Here, a "simple op" refers to an op that isn't a symbol op, symbol-user op,
region branch op, branch op, region branch terminator op, or return-like.
It is noteworthy that we do not refer to non-live values as "dead" in this
file to avoid confusing it with dead code analysis's "dead", which refers to
unreachable code (code that never executes on hardware) while "non-live"
refers to code that executes on hardware but is unnecessary. Thus, while the
removal of dead code helps little in reducing runtime, removing non-live
values should theoretically have significant impact (depending on the amount
removed).
It is also important to note that unlike other passes (like canonicalize)

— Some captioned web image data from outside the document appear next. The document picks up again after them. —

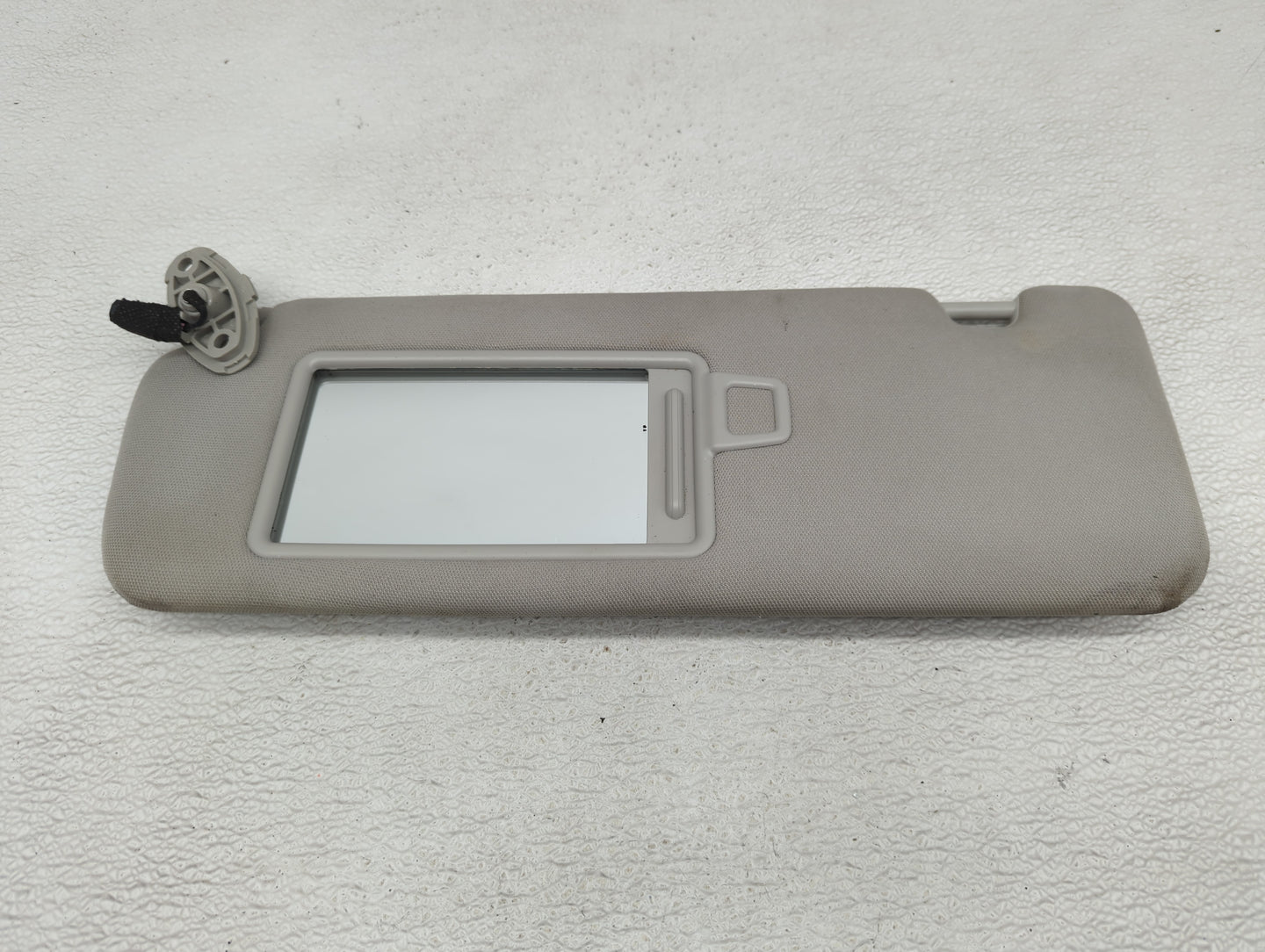 2016-2020 Kia Sorento Sun Visor Shade Replacement Driver Left Mirror Fits Fits 2016 2017 2018 2019 2020 OEM Used Auto Parts 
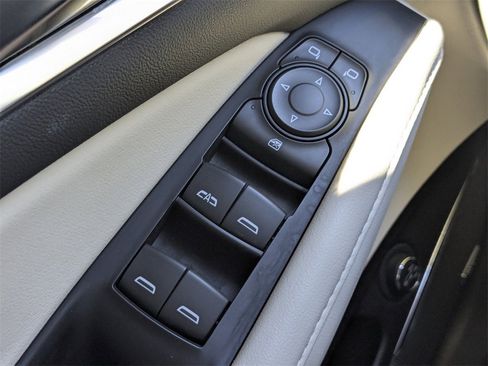 Used 2023 Buick Enclave Essence w/ Experience Buick Package image 27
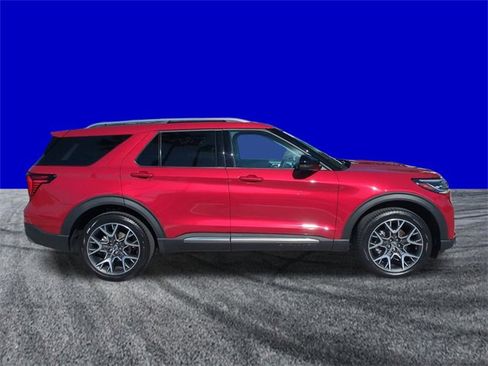 Certified 2025 Ford Explorer Platinum w/ Ultimate Package image 3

that apply op-specific optimizations through patterns, this pass uses
different interfaces to handle various types of ops and tries to cover all
existing ops through these interfaces.
It is because of its reliance on (a) liveness analysis and (b) interfaces
that makes it so powerful that it can optimize ops that don't have a
canonicalizer and even when an op does have a canonicalizer, it can perform
more aggressive optimizations, as observed in the test files associated with
this pass.
Example of optimization (A):-
int add_2_to_y(int x, int y) { return 2 + y } print(add_2_to_y(3, 4)) print(add_2_to_y(5, 6))
becomes
int add_2_to_y(int y) { return 2 + y } print(add_2_to_y(4)) print(add_2_to_y(6))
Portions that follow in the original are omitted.